Open Access News

News from the open access movement


Thursday, October 16, 2008

Interview with the HathiTrust executive director

Andrew Albanese, The LJ Academic Newswire Newsmaker Interview: John Wilkin, Library Journal, October 16, 2008.  Excerpt:

In what may be the library community’s most ambitious digital collaboration so far, some two-dozen large research libraries this week announced the launch of a single, shared repository of digital collections, including scanned books, articles, special collections, and a range of “born digital” materials. The venture, called HathiTrust (pronounced HAH-tee), “combines the expertise and resources of some of the nation’s foremost research libraries,” said John Wilkin, associate university librarian of the University of Michigan (UM) and the newly named executive director, and was launched jointly by the12-university Committee on Institutional Cooperation (CIC) and the 11 university libraries of the University of California (UC) system....The University of Virginia has also announced that it will join the venture....

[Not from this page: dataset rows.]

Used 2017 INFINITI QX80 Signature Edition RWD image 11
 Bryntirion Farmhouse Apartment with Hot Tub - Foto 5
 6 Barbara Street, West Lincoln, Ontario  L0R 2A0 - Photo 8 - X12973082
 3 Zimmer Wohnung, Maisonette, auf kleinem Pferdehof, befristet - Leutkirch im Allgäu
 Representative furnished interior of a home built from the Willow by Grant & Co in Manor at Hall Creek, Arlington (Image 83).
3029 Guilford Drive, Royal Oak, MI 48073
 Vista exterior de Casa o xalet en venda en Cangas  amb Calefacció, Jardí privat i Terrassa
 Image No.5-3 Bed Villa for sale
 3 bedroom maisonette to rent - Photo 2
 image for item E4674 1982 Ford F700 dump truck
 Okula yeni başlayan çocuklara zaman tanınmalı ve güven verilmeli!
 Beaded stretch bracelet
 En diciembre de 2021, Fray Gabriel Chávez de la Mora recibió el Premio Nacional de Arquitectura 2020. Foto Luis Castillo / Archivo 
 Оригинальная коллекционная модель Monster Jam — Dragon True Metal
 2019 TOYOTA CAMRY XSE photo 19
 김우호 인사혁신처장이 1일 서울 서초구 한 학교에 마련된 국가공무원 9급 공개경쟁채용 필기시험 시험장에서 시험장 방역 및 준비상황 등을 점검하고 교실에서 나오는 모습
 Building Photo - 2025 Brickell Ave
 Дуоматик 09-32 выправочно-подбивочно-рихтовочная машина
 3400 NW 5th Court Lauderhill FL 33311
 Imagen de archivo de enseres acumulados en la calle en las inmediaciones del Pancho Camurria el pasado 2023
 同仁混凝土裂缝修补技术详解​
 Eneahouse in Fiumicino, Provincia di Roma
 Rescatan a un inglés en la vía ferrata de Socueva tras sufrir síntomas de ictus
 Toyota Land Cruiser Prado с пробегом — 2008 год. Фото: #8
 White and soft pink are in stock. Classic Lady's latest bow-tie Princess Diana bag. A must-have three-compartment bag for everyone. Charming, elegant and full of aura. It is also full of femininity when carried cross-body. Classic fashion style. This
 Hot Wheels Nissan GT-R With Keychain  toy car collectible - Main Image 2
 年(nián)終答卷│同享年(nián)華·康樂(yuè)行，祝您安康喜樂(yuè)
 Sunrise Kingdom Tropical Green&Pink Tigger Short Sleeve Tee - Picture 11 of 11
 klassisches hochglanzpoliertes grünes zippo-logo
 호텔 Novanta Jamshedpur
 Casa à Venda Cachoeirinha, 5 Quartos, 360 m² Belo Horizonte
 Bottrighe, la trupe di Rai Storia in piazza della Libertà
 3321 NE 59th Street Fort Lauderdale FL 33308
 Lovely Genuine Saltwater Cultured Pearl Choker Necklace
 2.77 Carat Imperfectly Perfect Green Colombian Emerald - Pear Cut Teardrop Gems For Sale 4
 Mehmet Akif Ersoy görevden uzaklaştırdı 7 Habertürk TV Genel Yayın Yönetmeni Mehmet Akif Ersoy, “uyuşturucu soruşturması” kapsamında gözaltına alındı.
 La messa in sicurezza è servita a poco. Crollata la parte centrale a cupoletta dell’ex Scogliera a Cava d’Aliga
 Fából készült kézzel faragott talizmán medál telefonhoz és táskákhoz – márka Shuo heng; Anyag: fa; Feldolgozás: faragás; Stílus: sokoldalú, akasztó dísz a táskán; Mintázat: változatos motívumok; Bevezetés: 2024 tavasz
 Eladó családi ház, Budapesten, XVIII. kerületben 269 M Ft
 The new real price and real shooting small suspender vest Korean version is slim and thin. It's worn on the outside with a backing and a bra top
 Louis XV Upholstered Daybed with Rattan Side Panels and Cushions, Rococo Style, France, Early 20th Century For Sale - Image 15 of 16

LJAN: HathiTrust represents something librarians have thought—or, dreamed about—since the digital age began. How did this specific initiative get rolling?

JW: ...[W]e had very specific discussions regarding this notion of a shared digital repository back in 2004, with Michigan and California beginning to articulate some specific notions. Discussions in the CIC were early, as well, and began to flesh out an approach. But as we began to absorb substantial amounts of digitized content from Google, talks become more focused and urgent. It’s worth pointing out that we have had terrific support in this venture from university leadership, as well in the libraries.

You mention Google—it seems you are both its partner and competitor at once. Can you talk about where your missions diverge and dovetail?

That’s a great question—the primary difference will be in our commitment to long-term preservation of this information and Google’s commitment to access. That said, we will provide some minimal levels of access (for public domain works, etc.), and we will work to identify specific scholarly needs that Google is less likely to serve. For example, data mining and large-scale linguistic computation is more likely to be in our bailiwick than Google’s....

HathiTrust has been funded for five years: what happens then—can this major effort be sustained?

We should make a distinction between funding and planning—the participating institutions here have always known they would have to spend money to host their digitized content and, by and large, they have identified funding to support this work for the indefinite future. So, in that sense, the initiative is permanently funded. This specific collaboration, however, is something that has never been done at this scale, and it makes a lot of sense to build in requirements for examination and evaluation of the initiative. Hence, the initial commitment is for five years. Before that deadline, we will surely make changes and we expect that participants will renew and extend their financial commitments.